A massa de novos investidores desses fundos é de pessoas físicas que estão trocando o atendimento dos bancos pelas opções das plataformas abertas, num movimento de busca por diversificação em um ambiente de juro baixo. A preocupação de alguns gestores é que esse investidor talvez não entenda o que está comprando. O mercado está com uma superoferta de debêntures e com viés favorável ao emissor, o que equivale dizer que os rendimentos dos títulos estão caindo e os prazos dos papéis aumentando.
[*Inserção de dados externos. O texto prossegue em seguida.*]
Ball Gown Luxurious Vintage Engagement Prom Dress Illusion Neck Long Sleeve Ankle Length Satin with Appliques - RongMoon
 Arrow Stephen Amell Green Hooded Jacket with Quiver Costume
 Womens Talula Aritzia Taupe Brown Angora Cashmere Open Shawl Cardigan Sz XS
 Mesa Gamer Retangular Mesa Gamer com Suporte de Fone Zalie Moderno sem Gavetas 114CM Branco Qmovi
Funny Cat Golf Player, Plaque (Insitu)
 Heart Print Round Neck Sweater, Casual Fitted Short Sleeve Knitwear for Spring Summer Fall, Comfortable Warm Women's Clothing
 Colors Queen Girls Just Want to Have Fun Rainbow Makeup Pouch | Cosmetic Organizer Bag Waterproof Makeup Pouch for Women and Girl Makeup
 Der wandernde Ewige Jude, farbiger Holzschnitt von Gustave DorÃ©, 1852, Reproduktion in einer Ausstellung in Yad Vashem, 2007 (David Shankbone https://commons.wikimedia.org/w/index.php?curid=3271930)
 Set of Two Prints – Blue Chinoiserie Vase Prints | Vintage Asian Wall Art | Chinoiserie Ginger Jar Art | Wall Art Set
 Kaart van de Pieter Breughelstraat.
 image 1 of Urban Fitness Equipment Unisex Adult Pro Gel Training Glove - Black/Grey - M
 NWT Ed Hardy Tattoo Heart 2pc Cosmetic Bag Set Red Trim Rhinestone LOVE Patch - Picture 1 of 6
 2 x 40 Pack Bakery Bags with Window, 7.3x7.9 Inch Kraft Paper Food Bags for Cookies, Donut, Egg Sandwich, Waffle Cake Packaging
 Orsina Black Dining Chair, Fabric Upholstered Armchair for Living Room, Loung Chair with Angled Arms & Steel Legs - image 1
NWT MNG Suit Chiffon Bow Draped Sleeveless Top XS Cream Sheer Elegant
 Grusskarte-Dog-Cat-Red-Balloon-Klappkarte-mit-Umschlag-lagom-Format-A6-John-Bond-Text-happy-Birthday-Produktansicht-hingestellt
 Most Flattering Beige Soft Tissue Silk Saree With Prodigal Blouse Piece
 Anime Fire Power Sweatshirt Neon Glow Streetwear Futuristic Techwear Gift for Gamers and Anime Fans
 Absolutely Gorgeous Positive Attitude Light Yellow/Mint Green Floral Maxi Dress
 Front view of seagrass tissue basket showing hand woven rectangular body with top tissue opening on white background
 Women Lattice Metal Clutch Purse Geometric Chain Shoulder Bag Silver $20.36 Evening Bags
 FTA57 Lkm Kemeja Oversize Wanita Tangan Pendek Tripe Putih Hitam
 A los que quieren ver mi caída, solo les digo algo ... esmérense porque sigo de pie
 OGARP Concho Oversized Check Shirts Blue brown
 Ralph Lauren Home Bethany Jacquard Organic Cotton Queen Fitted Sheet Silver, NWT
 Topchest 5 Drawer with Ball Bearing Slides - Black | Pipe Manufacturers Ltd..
"Se outro investimento de que a pessoa física gosta, como os IPOs (ofertas públicas iniciais de ações), voltar com aquela força do passado, a minha sensação é que uma boa parte desses investidores resgata dos fundos de crédito e migra para os IPOs em busca de um retorno melhor", explica uma fonte. Esse tipo de movimento poderá atrapalhar a estratégia dos gestores e levar perdas às cotas dos fundos se eles tiverem de vender títulos "a qualquer preço" para atender aos pedidos de resgates.

Samuel Oliveira, chefe de análise de fundos da XP Investimentos, avalia que as pessoas físicas que entram nesses fundos de crédito estão buscando um produto com um retorno mais favorável do que vinha encontrando nos grandes bancos. "É um tipo de fundo que oferece uma relação favorável de risco e retorno para esse investidor que está deixando os bancos para testar novos produtos. Ele primeiro testa isso, para depois olhar, por exemplo, para ações", diz Oliveira.

Na plataforma da XP, segundo ele, existe uma regra: para que um fundo de crédito privado com resgate diário seja oferecido é preciso que ele mantenha entre 30% e 40% dos recursos em "caixa". Ou seja, essa fatia do fundo precisa estar investida em papéis que ofereçam liquidez imediata, como títulos públicos ou operações compromissadas. E o restante, que vai para os títulos de crédito, tem que buscar papéis que tenham liquidez comprovada no mercado secundário.

É fato que, nos últimos dois anos, as negociações com esses títulos no mercado secundário brasileiro têm aumentado. Mas um aspecto importante é que as transações desses títulos corporativos não são feitas em ambiente de bolsa, mas sim "no balcão". Na prática, isso significa que não há a todo momento o registro de várias ofertas de compra e venda de um ativo, com total transparência de preços. Atualmente, há esforços de alguns agentes no mercado, como a XP e a CM Capital, para concentrar ordens de compra e venda de investidores e fazer essas duas pontas se encontrarem.

Um gestor de um banco local acredita que, para que se possa fazer uma gestão com tranquilidade nesse tipo de fundo, é preciso um prazo de resgate de, no mínimo, 30 dias. O ideal, ele diz, seria pelo menos 60 - várias casas maiores estão migrando para esse prazo. Outras, diante dos retornos menos atrativos e prazos mais longos dos papéis atualmente, optaram por fechar para captação. "Do meu ponto de vista, quem oferece resgate diário é porque está contando com o mercado secundário desses títulos. O dia em que tiver dificuldades, vai ser um problema", afirma o gestor, destacando que uma eventual crise no segmento poderá machucar muitas casas.

Outra questão que pode ser relevante, segundo esse interlocutor, é que alguns gestores de crédito que abriram sua própria empresa não estão acostumados a lidar com o investidor do varejo, porque trabalhavam em mesa proprietária de banco, com um passivo que ele controlava, que não se mexia tanto. "Não é o caso quando se fala de fundos dedicados ao varejo. Talvez antes de investir, seria interessante verificar se esse gestor administrava no banco fundos ou recursos proprietários", afirma.

Alexandre Muller, sócio da JGP Investimentos, argumenta que quem está nesses fundos tem que ter em mente que o investimento em crédito é, por definição, cíclico. Há momentos de expansão, como o atual, mas que são sempre seguidos por uma fase de retração, quando costumam aparecer os problemas. Por essa razão, a opção da JGP foi por não oferecer o resgate imediato.

"Preferimos uma carência mais longa porque, na nossa visão, a geração de valor nesses fundos é possível pelo diferencial do passivo [cotistas]. Eu prefiro ter o conforto de que meu cotista não vai sair solicitando resgates em momentos de ajuste do ciclo de crédito porque ele entende que deve esperar pelo trabalho do gestor e por um novo ciclo", afirma.